Conocí el Museo del Chopo a finales de los años 50, antes de que lo recuperara el gran universitario Diego Valadés. Entonces era el Museo de Historia Natural y recibía a visitantes que observaban a los pajaritos disecados que recuperaron sus colores primitivos gracias a Valadés, aunque la mayoría de los animales expuestos se habían vuelto marsupiales, como los canguros porque sus vientres rellenos de aserrín ya no podían dar un solo salto ni proteger a un solo cangurito. ¿Y qué decir de los pescados y de los aparadores en los que aparecían los borreguitos de dos cabezas?

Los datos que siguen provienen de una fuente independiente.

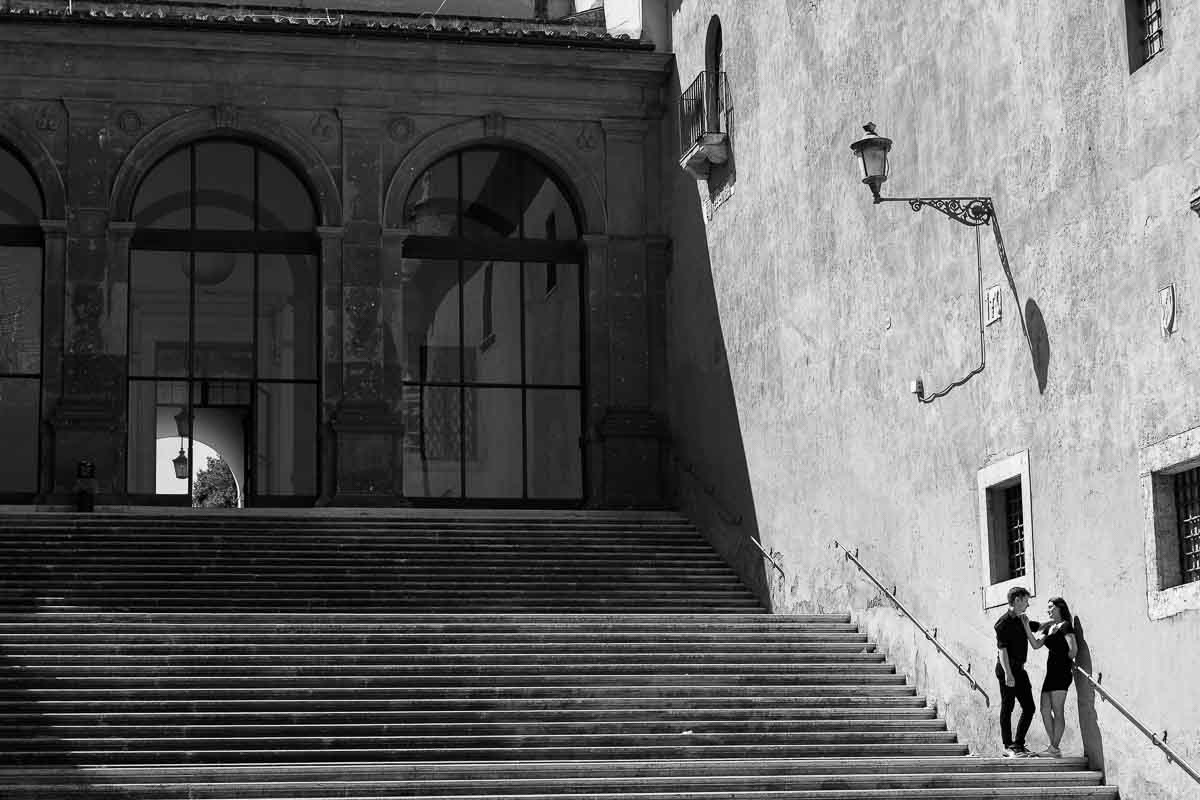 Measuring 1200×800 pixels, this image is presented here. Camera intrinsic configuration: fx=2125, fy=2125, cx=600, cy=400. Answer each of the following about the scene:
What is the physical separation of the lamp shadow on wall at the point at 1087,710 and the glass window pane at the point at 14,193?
19158 mm

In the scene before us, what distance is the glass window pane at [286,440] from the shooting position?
35.2 meters

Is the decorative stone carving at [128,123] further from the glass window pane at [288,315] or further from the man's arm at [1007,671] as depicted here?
the man's arm at [1007,671]

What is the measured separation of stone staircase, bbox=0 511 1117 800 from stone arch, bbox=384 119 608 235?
631 cm

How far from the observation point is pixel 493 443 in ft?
114

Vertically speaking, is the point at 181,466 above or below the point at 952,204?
below

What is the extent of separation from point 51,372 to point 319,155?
428cm

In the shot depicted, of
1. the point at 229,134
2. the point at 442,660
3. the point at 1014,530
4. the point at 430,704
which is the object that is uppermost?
the point at 229,134

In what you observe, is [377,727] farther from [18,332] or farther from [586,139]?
[18,332]

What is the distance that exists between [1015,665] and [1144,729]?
1.46m

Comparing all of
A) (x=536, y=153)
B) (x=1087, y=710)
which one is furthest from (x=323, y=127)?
(x=1087, y=710)

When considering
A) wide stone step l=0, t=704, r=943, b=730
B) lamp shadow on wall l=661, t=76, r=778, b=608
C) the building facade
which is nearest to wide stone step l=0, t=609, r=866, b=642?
wide stone step l=0, t=704, r=943, b=730

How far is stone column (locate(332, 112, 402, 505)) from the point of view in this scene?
85.6 ft

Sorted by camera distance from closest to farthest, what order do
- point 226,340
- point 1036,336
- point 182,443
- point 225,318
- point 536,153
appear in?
point 1036,336 < point 536,153 < point 225,318 < point 226,340 < point 182,443

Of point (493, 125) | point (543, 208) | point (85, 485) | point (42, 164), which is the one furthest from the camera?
point (543, 208) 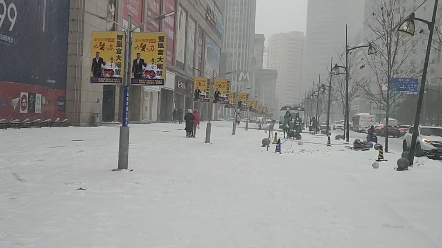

De repente, nos aterrorizaba el dinosaurio, esa especie de escalera automática de enormes costillas y vértebras que nos hacen pensar que todo el Museo de Historia Natural tiene 20 mil años de antigüedad.
En los años 50, la sección de fenómenos y disparates de la naturaleza era la de más público: las gallinas de tres patas, los becerros malogrados, los corderos unidos entre sí por sus ocho piernas y esa vaquita a la que le salió una hilera de dientes en la espalda. Los visitantes se extasiaban ante esas atroces caricaturas; seres que nacieron sólo para recordarnos que los habitantes de la Tierra podemos ser monstruosos. Esa vitrina atraía a todos: la gente se acercaba a ella como a la orilla de un crimen.
En ese entonces, del lado derecho del Museo del Chopo se exhibían las plantas disecadas. “La cicuta –decía la tarjeta– es una planta venenosa originaria de Europa. Antiguamente, en Grecia se acostumbraba envenenar a los reos condenados a muerte con una bebida preparada con esa planta y Sócrates, gran filósofo, fue condenado injustamente a beberla.
Una tarjeta o una receta médica prevenía que “el envenenamiento producido por esta planta se combate con vomitivo, purgante, administrando atropina
y tomando café o té para calmar los accidentes.”
Los mirones pasaban muy pronto (apenas un vistazo) sobre la cicuta, porque nadie desea morir y nadie se enteraba ni de los fundamentos elementales de la biología ni del triste destino del filósofo quien dijo: Yo solo sé que no sé nada
.
Lo mismo sucede con las frutas de cera, las legumbres reconstruidas y las semillas. Ante unos gallos partidos a la mitad para conocerlos por dentro, un marido jaló del brazo a su mujer: No, no, vente, vamos a ver las cosas raras. Para ver gallos, ya tengo con mi corral
.
La gente del pueblo se acercaba a los búhos con un leve estremecimiento de terror (Cuando el tecolote canta el indio muere
, aclara el refrán popular). Pero una señorita romántica dijo a su novio al ver los búhos: “Mira nomás qué palomas tan ojonas…”
Mira, son nuestros antepasados. Conozco a gente que todavía se parece a los changos
–explicó un hombre a su mujer. Sí, sí, mi suegra
. La que tiene un curioso parecido con el habitante de las cuevas de Cromañón es la abuelita que se lo muestra a su hijita sin darse cuenta del aire de familia.
“¿Tú sabías que los pericos se llaman Platycercus elegans? Mira, aquí están los loros de todos los tamaños; fíjate, qué chulos. ¡Allá se ven los buitres! Ésos te comen sin esperar a que te mueras. Son peores que los zopilotes… ¡Hijos, el pájaro colibrí se llama Vireo Philadelphicus y el saltapared zanjero, Cistothorus Stellaris!” ¡Ven, ven, ven por acá, mira, la foca monje todavía tiene pelito!
En una vitrina central acechaba el esqueleto fósil del tigre dientes de sable que nos donó la Universidad de California al encontrarlo en el rancho De la Brea, cercano a Los Ángeles, California.
De pronto, entre los escaparates del Chopo, resonaba el llanto de una niña:
–¡Mamá, que te vengas, que ya no quiero ver… Mamá, ya vámonos!”